El Presidente lleva una década demostrando que es el mejor fajador de la política española, y las últimas encuestas empiezan a augurar que podría volver a obrar el milagro en 2026, incluso sin la cocina de José Félix Tezanos, director del CIS. Aunque lideres tan peligrosos como Donald Trump o Carles Puigdemont lo hayan colocado en el centro de sus dianas.
Pensará el lector que me he venido muy arriba al situar al líder de Junts junto al todopoderoso presidente de Estados Unidos. La comparativa, sin embargo, no trae a cuenta del poder de ambos políticos, sino de su imprevisibilidad. Lo más temible de Donald Trump no son sus misiles Tomahawk, sino la imposibilidad de adivinar contra quien va a disparar sus invectivas en los próximos cinco minutos. O sus misiles. O sus aranceles.

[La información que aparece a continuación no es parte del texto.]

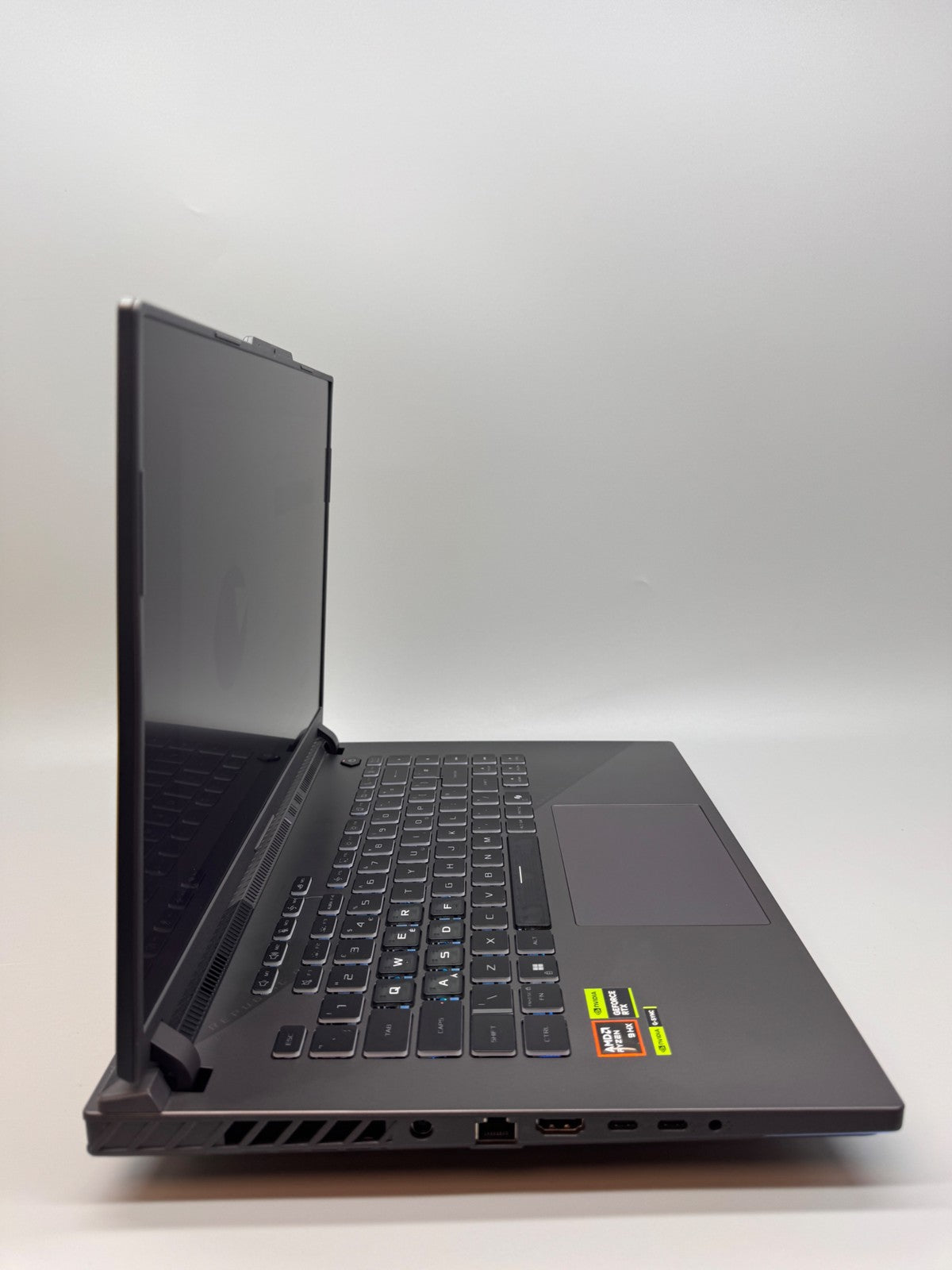 Asus ROG Strix G16 16" Gaming Laptop 2025 Ryzen 9 GeForce RTX 5060 32GB RAM 1TB SSD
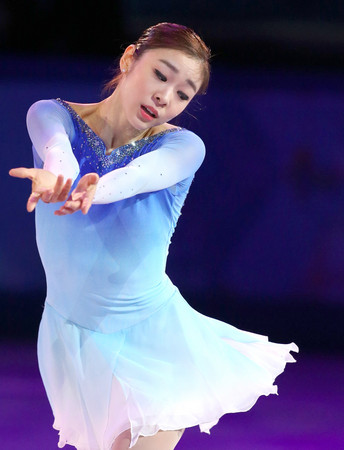 花式滑冰运动员“冰上精灵”金妍儿被认为也该列入国宝级，凑成“大韩民国5大国宝”。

Algo en lo que no se diferencia demasiado de Puigdemont, quien con menos recursos hizo de sus “jugadas maestras” para descolocar a rivales y supuestos socios el elemento esencial del embrollo del 1-O. Si el Gobierno de Mariano Rajoy ofrecía una tregua a cambio de elecciones, Puigdemont fintaba en el último momento para declarar la independencia. Mientras sus fieles lo seguían embelesados en las redes sociales, se fugaba en el maletero de un coche esquivando a la policía. Y así durante ocho años, hasta el esperpento de su fugaz retorno en agosto de 2024.
Este jueves, Pedro Sánchez viajó a Bruselas para intentar capitalizar el debate comunitario sobre la crisis de la vivienda. Pero a las puertas de la sede de la comisión el presidente español fue preguntado por los dos últimos frentes abiertos al Gobierno: las críticas de Trump en política internacional, y las de Puigdemont en la casera.
Sánchez se entregó entonces a intentar aplacar los ánimos de ambos. Al catalán, recordándole que su Gobierno y su partido hacen todo lo posible para satisfacer sus demandas. Con el estadounidense tuvo que sacar la chequera, para comprar armas norteamericanas con las que abastecer a Ucrania. Un modo de mostrar su compromiso con la OTAN y la política de defensa europea y agasajar a Trump sin vulnerar sus pactos con Sumar y el resto de miembros de la “izquierda plural” que le mantiene en La Moncloa desde 2018.
Desde entonces, Sánchez nos ha acostumbrado a su maestría de malabarista político, manteniendo en el aire todos los platillos de la política española. Si creían que era imposible satisfacer a la vez a PNV y Bildu, añadamos un platillo más con la inclusión de Junts al lado de ERC. Y cuando esos cuatro frentes parecían estabilizados, a gestionar el divorcio entre Sumar y Podemos, mientras estallan los casos de corrupción en su partido y su entorno.
Quizá por eso resulta medianamente creíble la calma, incluso prepotencia, con la que el jueves respondía a las amenazas de Junts. “Os lo he dicho mil veces, hemos aprobado la amnistía para normalizar la situación con los actores políticos; estas reuniones se producirán cuando toque”, afirmaba displicente al ser preguntado por una eventual reunión con Puigdemont para calmar los ánimos. Y concluía con un “ala, ya tenéis el corte (de voz, esas declaraciones que radios y televisiones reproducen en sus informativos cuando el político de turno acierta con el titular esperado).
Ciertamente, las amenazas de Junts cada vez parecen más vacías de contenido, habida cuenta de las resistencias de sus cuadros a cualquier maniobra que los alinee con PP y, sobre todo, Vox. Tampoco parece que los de Santiago Abascal vayan a dar saltos de alegría por compartir estrategia y objetivos con el independentismo catalán. Ni siquiera el PP se anima ya a alimentar las especulaciones sobre una moción de censura junto a los de Puigdemont.
Por tanto, es probable que Junts escenifique el divorcio con el PSOE. Pero Pedro Sánchez podrá seguir en la Moncloa distrayéndonos con debates sobre el cambio horario o la tortilla de patatas, hasta que a él le salgan los números. Y si Vox sigue creciendo a cuenta del PP, quizá no falte tanto.